:: THE DATA ::

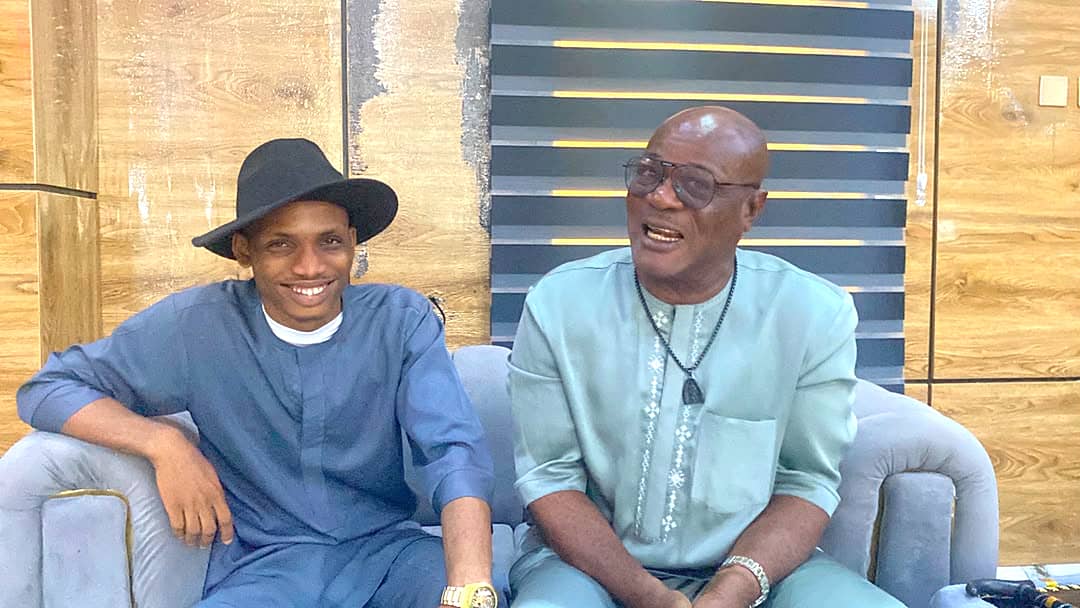 Chief Amb. Anthony Humphrey Unaji and Comrade Irodili C. Iroegbu during a strategic meeting on grassroots mobilisation ahead of the 2027 elections in Imo State.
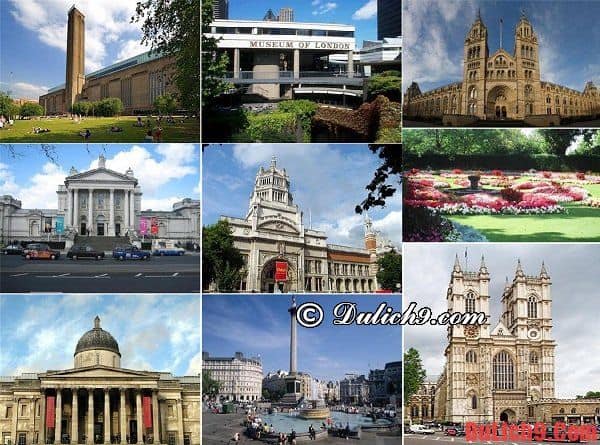 Du lịch Anh quốc nên thăm quan ở những địa điểm nào? Danh lam cảnh đẹp ở Anh Quốc - Du lịch Anh Quốc nên đi đâu chơi, tham quan?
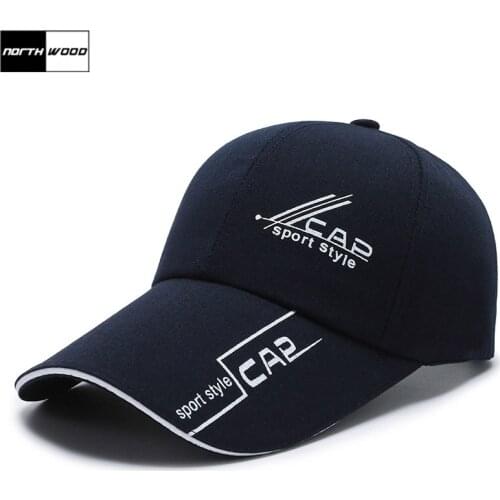 NORTHWOOD Brand Long Brim Sports Baseabll Caps Men Women Summer Sun Visor Print Dad Hat Bones Golf Hat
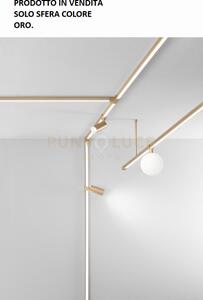 Elemento sfera ball 9w 3000k 585lm oro d.15cm per sistema binario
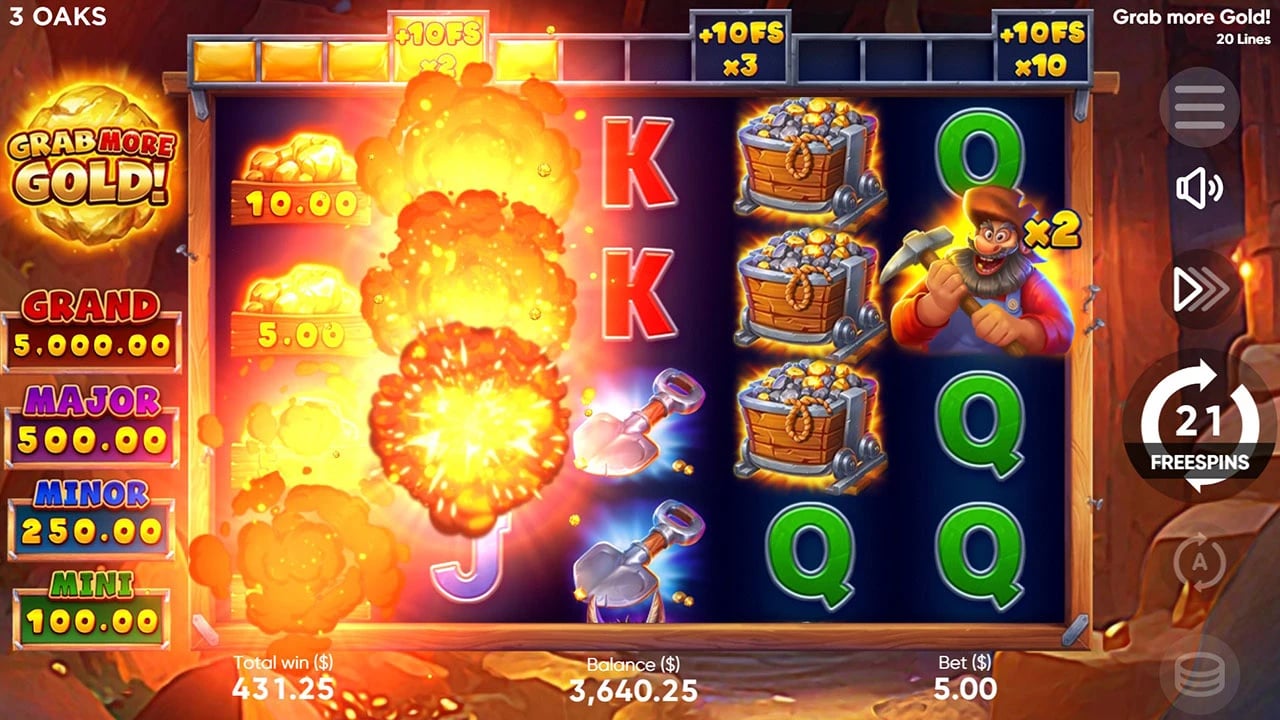 Grab More Gold!: Dynamite revealing Money symbols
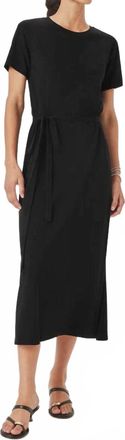 Splendid Keegan Tee Shirt Dress In Black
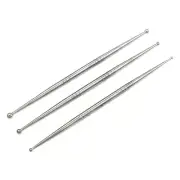 3x Double Head Clay Carving Tool Stainless Steel Sculpture Pottery Model Too. CR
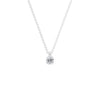 0.30ct natural diamond pendant 18ct white gold.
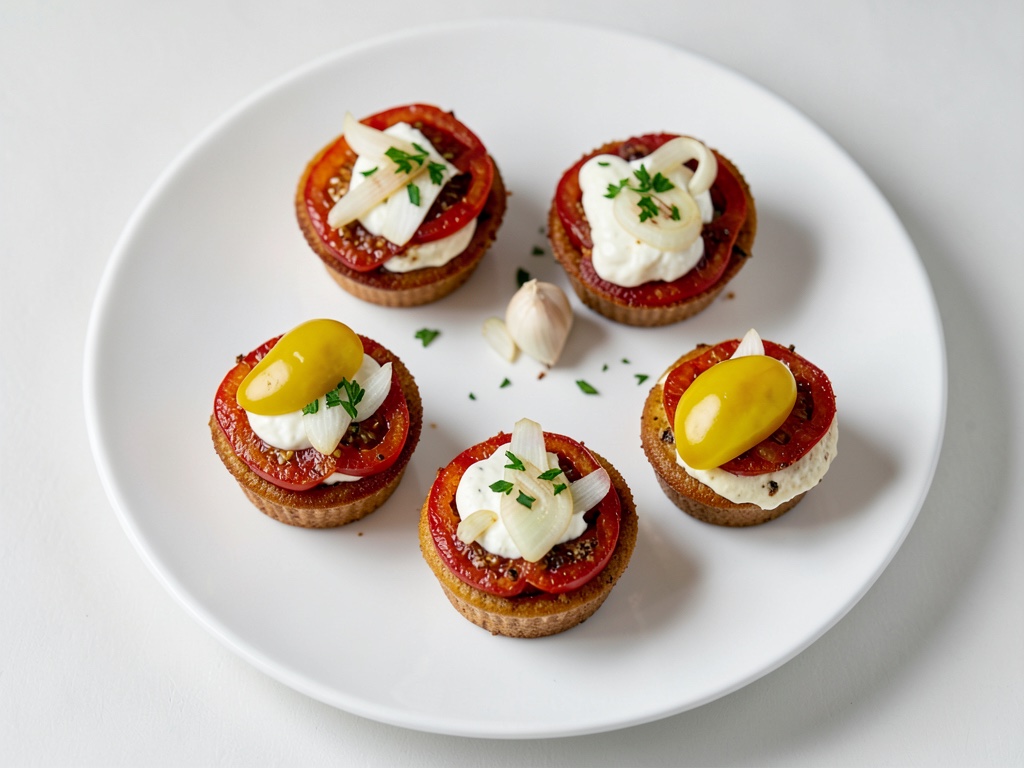 Muffins jugosos de tomate y mozzarella
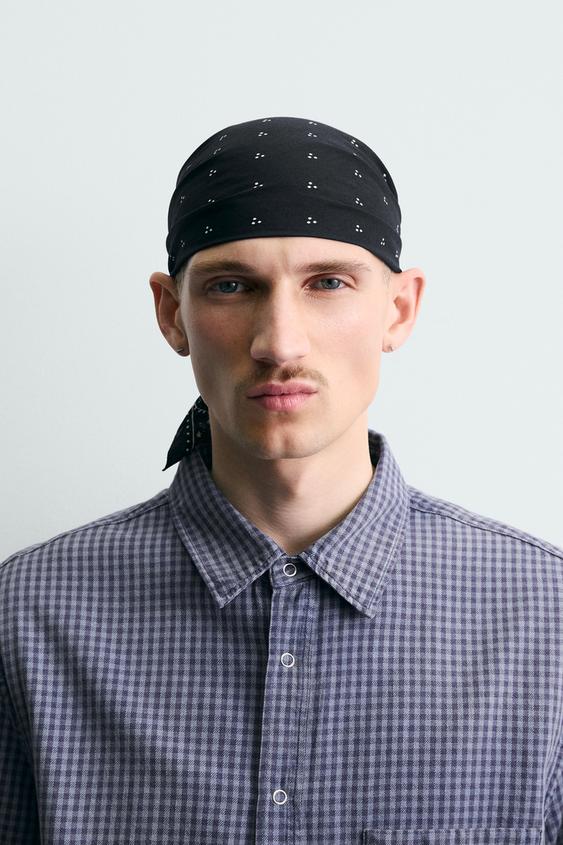 PAISLEY PRINT BANDANA - Black by Zara - Image 0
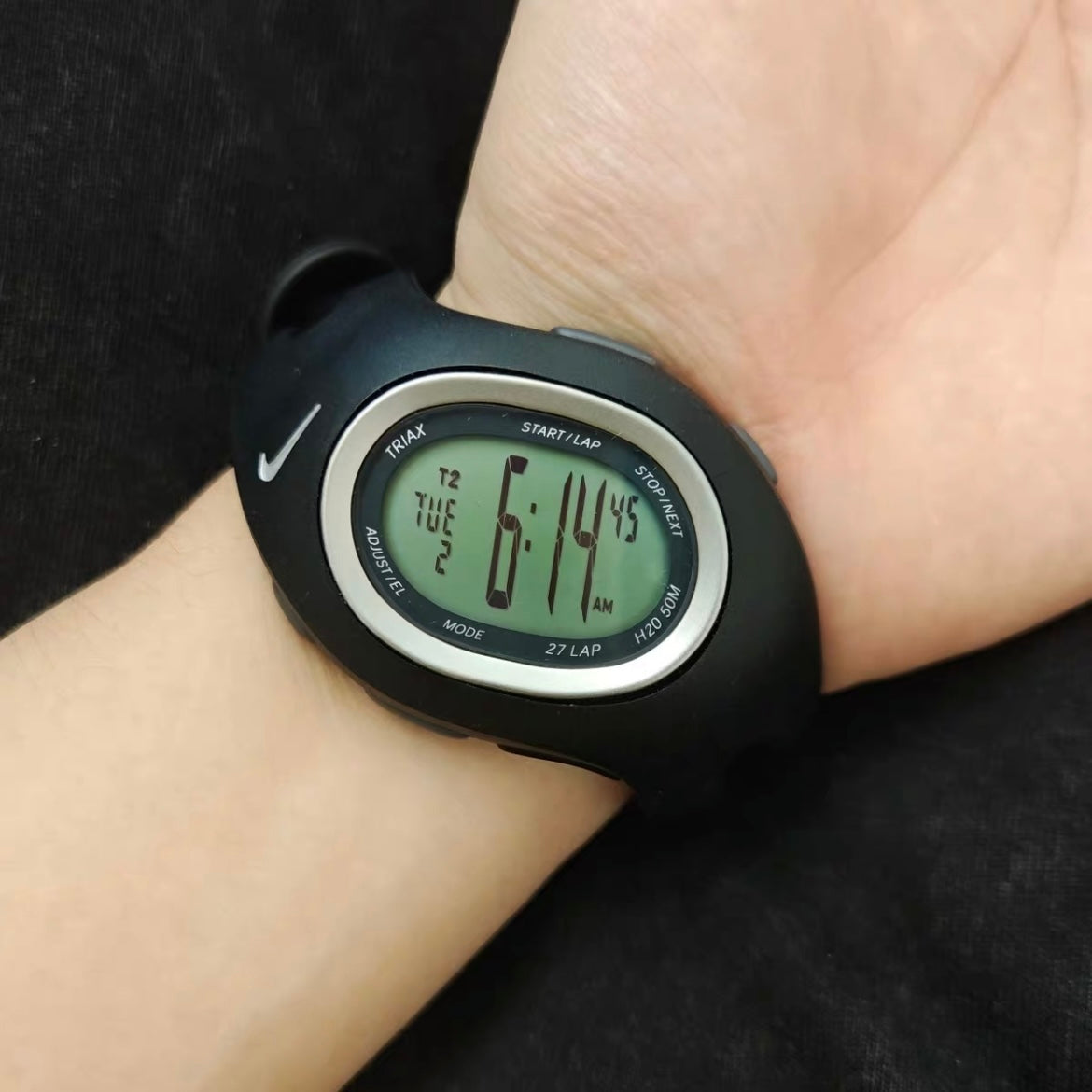 Nike Triax “Black Samurai” – Vintage Y2K Outdoor Sports Digital Watch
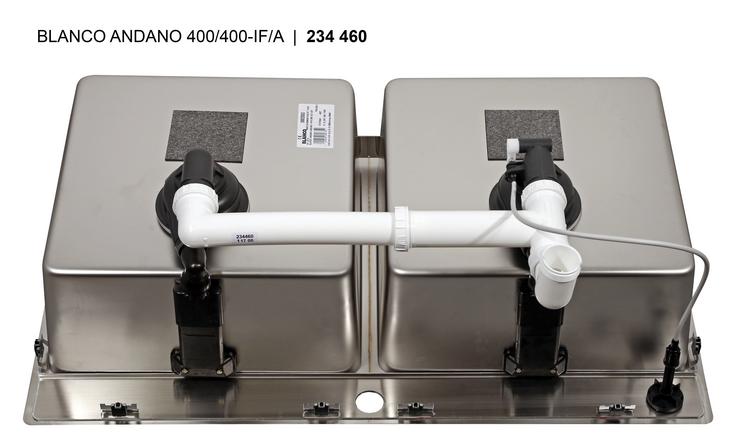 525249 Кухонная мойка Blanco Andano 400/400-IF/A  Blanco Andano - Вид №2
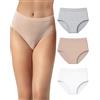 Risalti Slip Donna Bamboo Vita Alta Morbide Senza Cuciture 3 Pz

:::

- _WHAT THE TASK ASKS_
All lines from the one containing "Sports Digital Watch" to the end of the entries should appear in the output exactly as written, with no pictures.

- _WRITTEN SOLUTION_
 Nike Triax “Black Samurai” – Vintage Y2K Outdoor Sports Digital Watch
 525249 Кухонная мойка Blanco Andano 400/400-IF/A  Blanco Andano - Вид №2
 Risalti Slip Donna Bamboo Vita Alta Morbide Senza Cuciture 3 Pz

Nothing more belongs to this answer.